Tanzu Tuesdays 62 - Monitoring Avail. w/Error Budget Burn Rate on Tanzu Observability w/Amber Salome
Starting in April of 2020 my team was tasked with managing Tanzu Application Service on multiple foundations for a client. Early on it was a priority to establish a strong SRE practice around managing the platform. This talk discusses how we defined key metrics for monitoring availability, custom solutions for populating availability data into an observability platform (Tanzu Observability by Wavefront), dashboard creating, and alerting practices. We discuss in depth the benefits of using a burn rate when monitoring availability error budget consumption, and how this strategy allows for more sensitive alerting and limiting error budget consumption.
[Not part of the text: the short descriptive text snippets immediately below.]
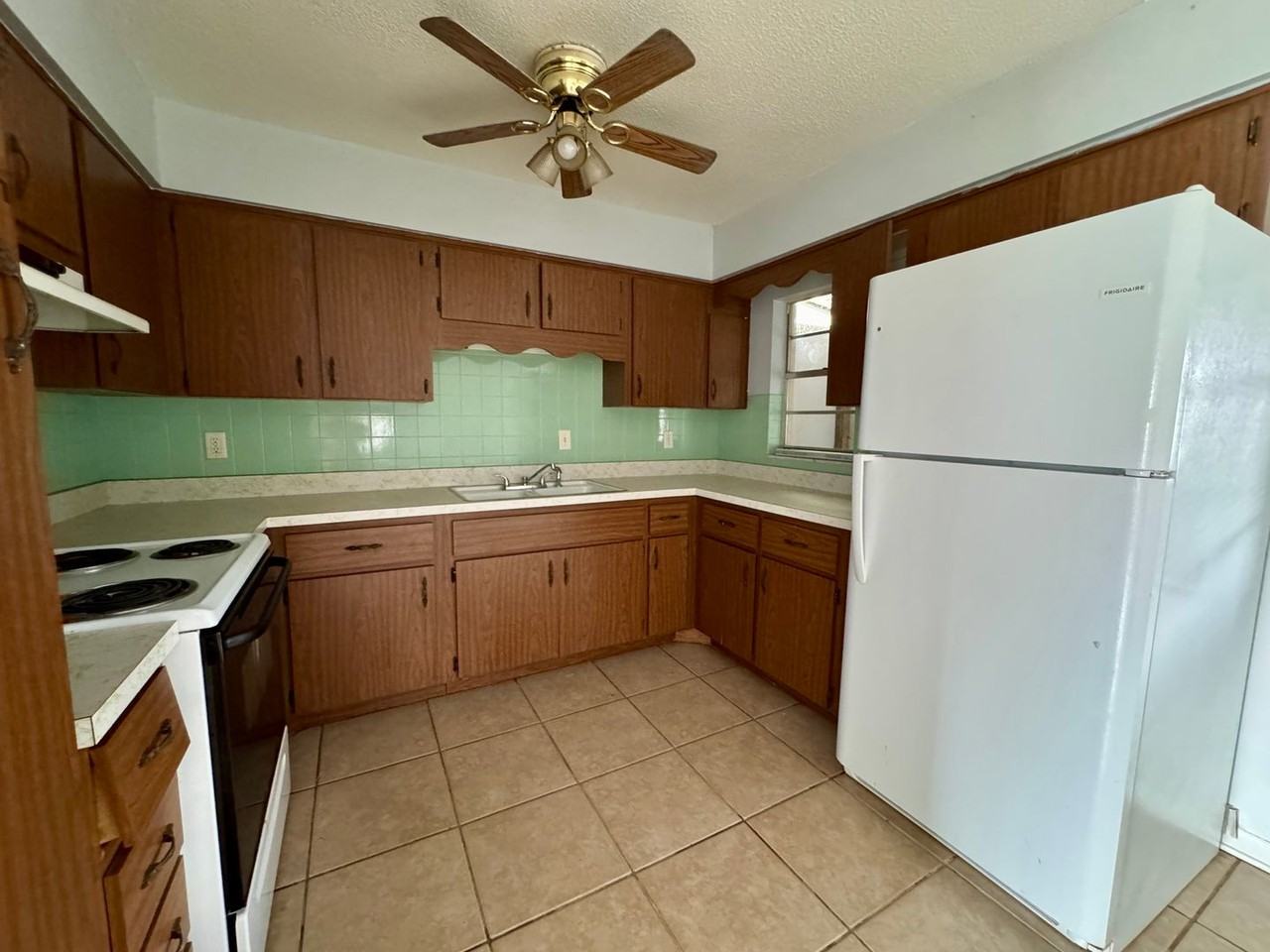 308 N Rockingham Ave - Photo 6 of 14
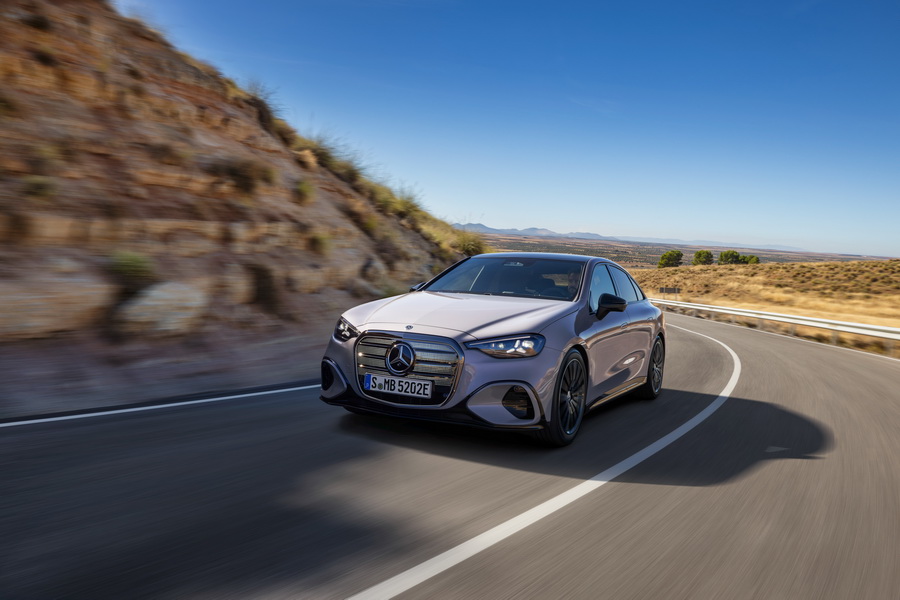 Mercedes C 300 4MATIC Electric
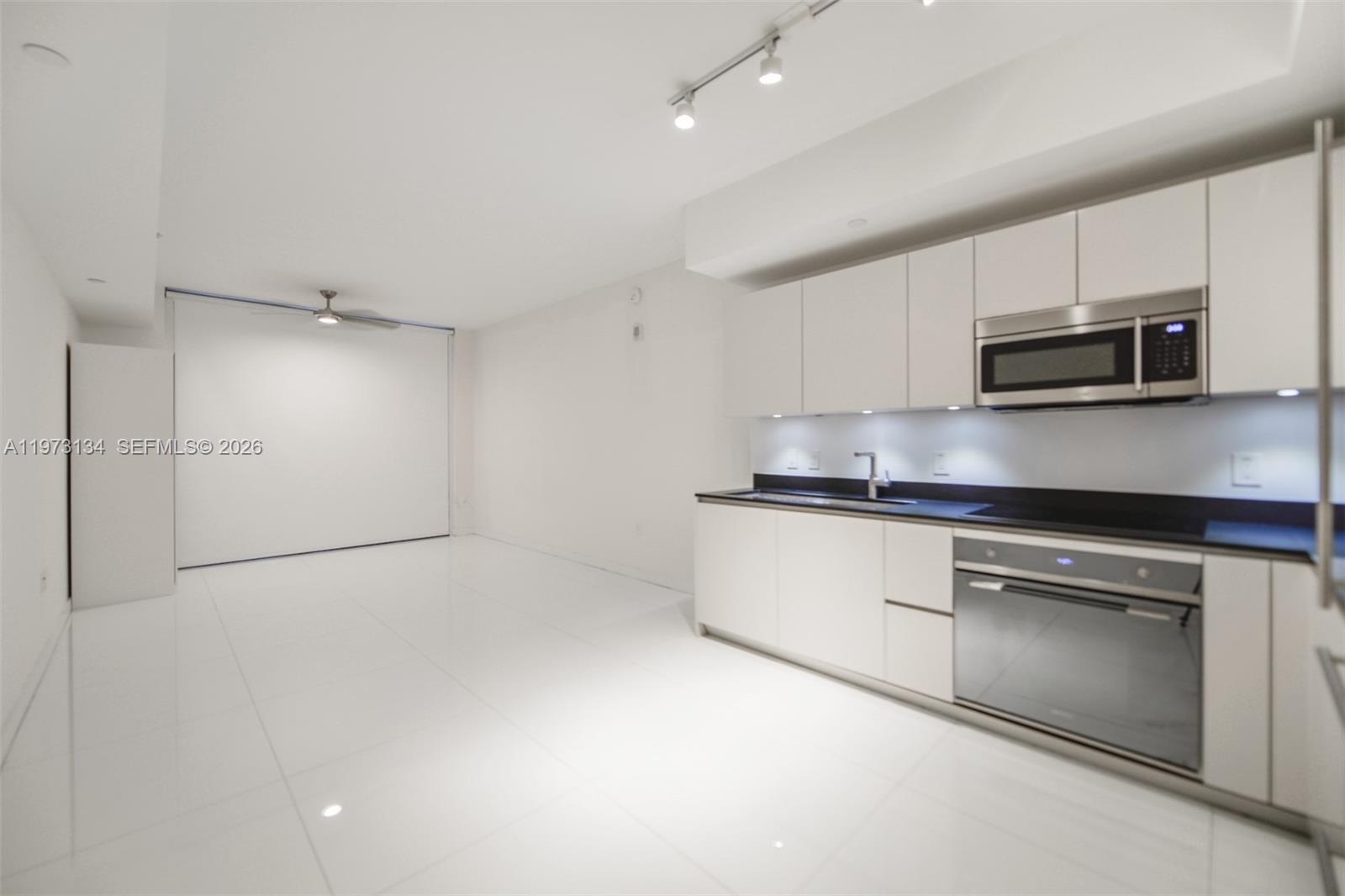 1010 Brickell Avenue, Unit 3010 Miami, FL 33131 - Photo 7 of 49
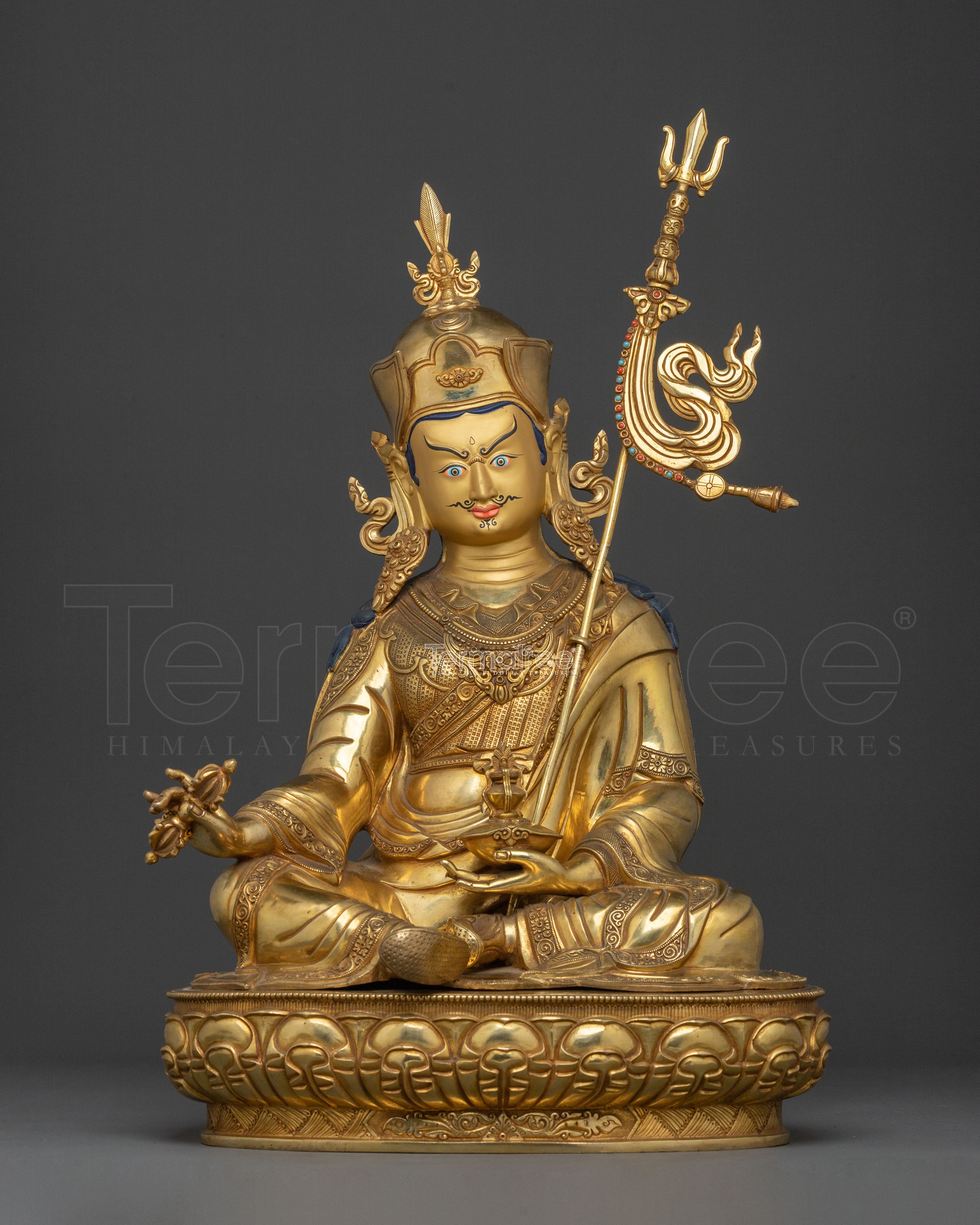 Guru Rinpoche Statue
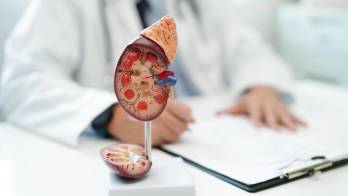 La detección temprana y la prevención son esenciales, ya que muchos casos se diagnostican en etapas avanzadas.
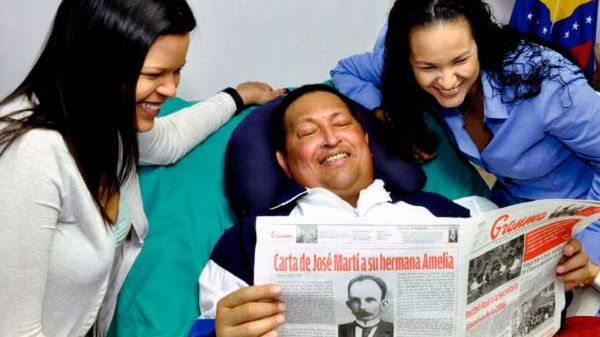 Hugo Chavez z córkami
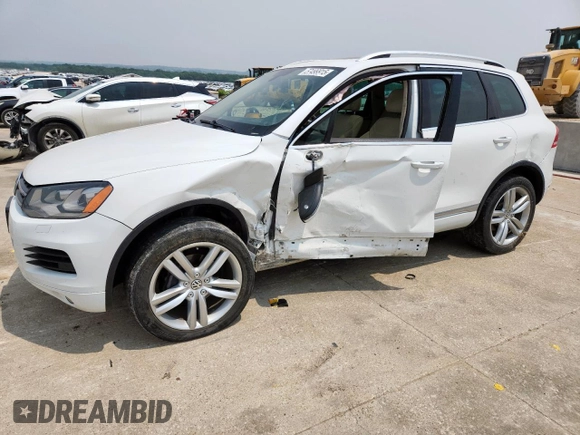2013 Volkswagen Touareg Exec z VIN WVGEF9BP3DD012463, wystawiony jako Copart lot #57499915 z przebiegiem 104 981 mil mil oraz Szkody całkowita. Historia ofert i sprzedaży dostępna na DreamBid. Obrazek 1.
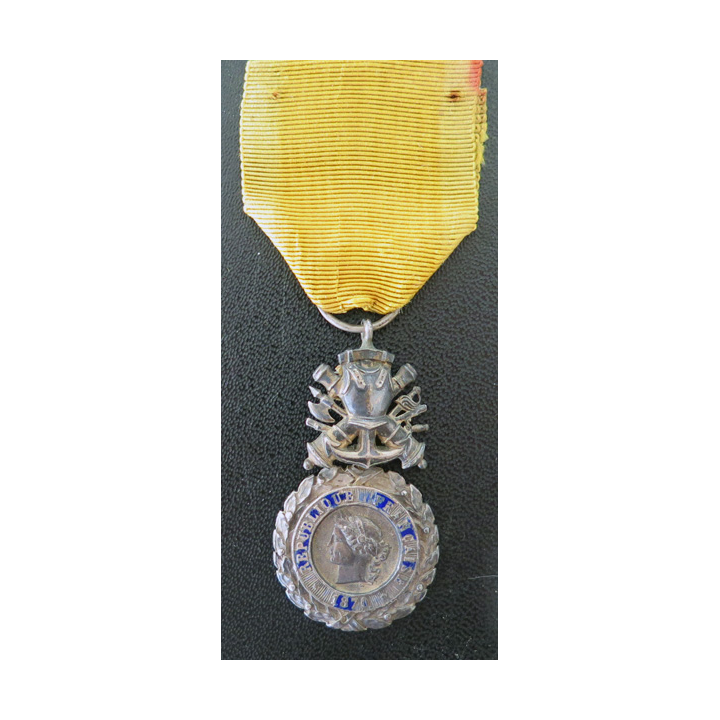 FRANCE : médaille militaire 3° république en argent avec gros défaut d'émail au revers et ruban défraîchi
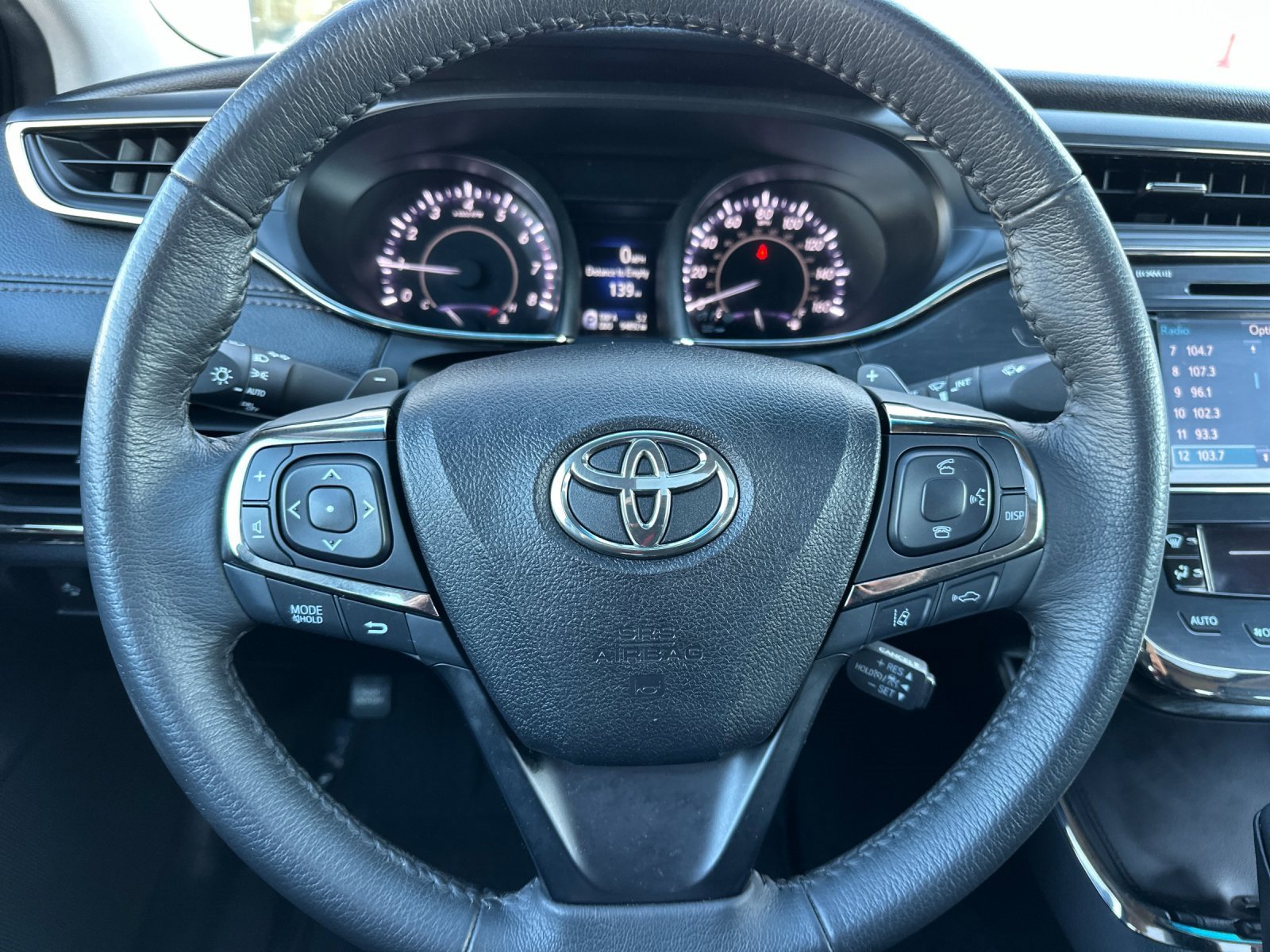 Used 2018 Toyota Avalon XLE Plus image 22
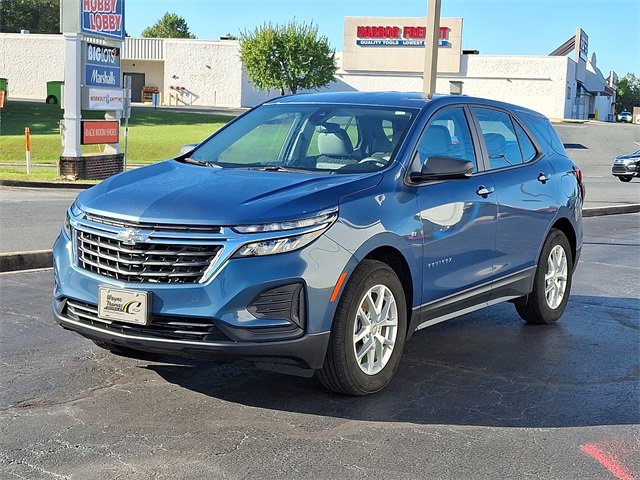 2024 Chevrolet Equinox LS photo 4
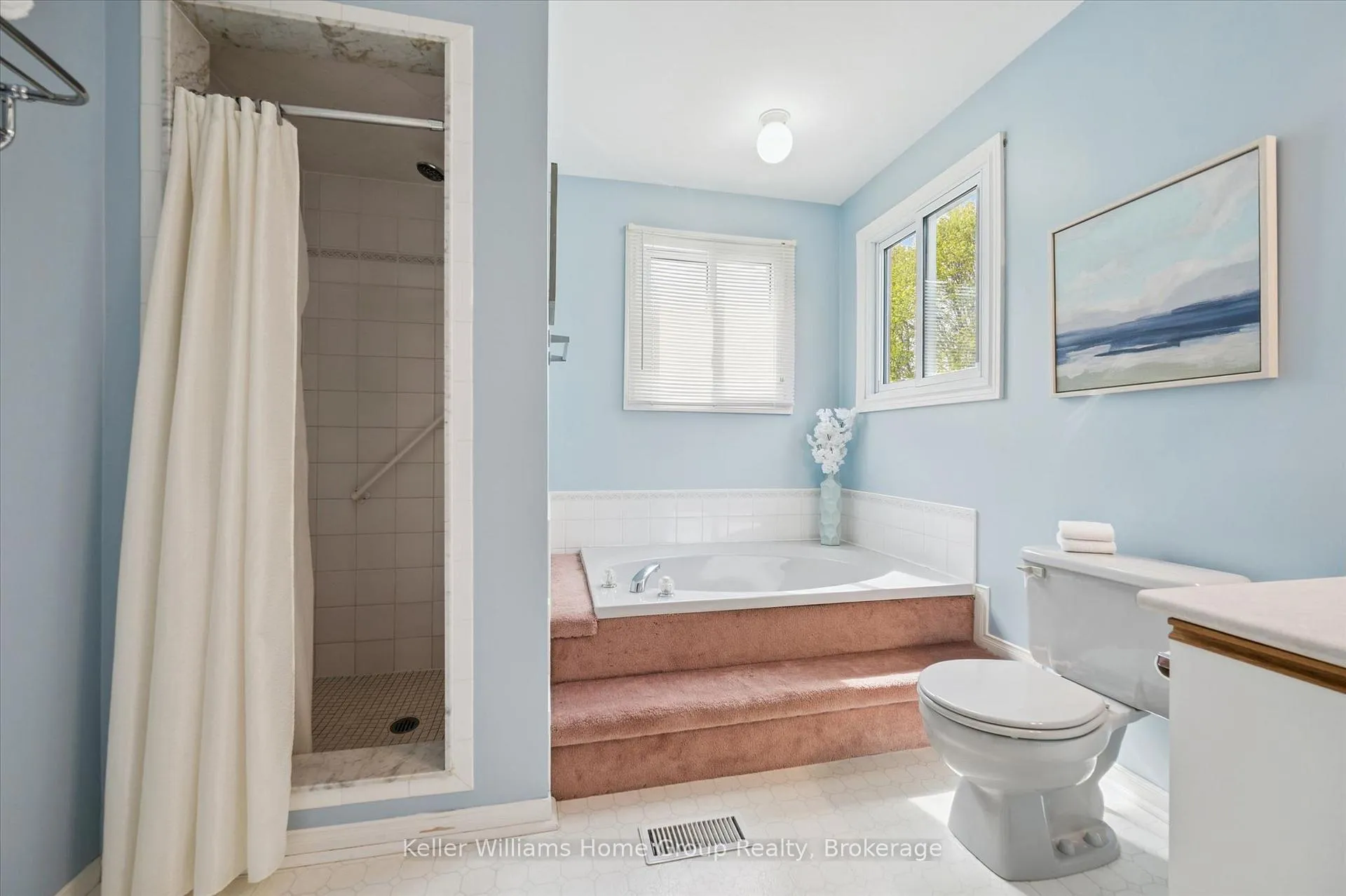 Photo 36 of 653 Holman Crescent, Centre Wellington, Fergus — HOMEH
This presentation will demonstrate how the cultivation of availability charts and error budget burn rate alerting creates an environment where the data starts working for your team. We emphasize the intentional use of availability error budgeting for backlog prioritization and embracing risk when managing a platform.
Amber Salome is a Senior Solutions Architect for VMware Tanzu Labs Platform Services, starting in 2019 originally at Pivotal. She is passionate about working with customers on Tanzu platform enablement, and has a strong SRE focus in her work. She is based out of Chicago and spends her free time riding her bike by the lake shore and learning photography.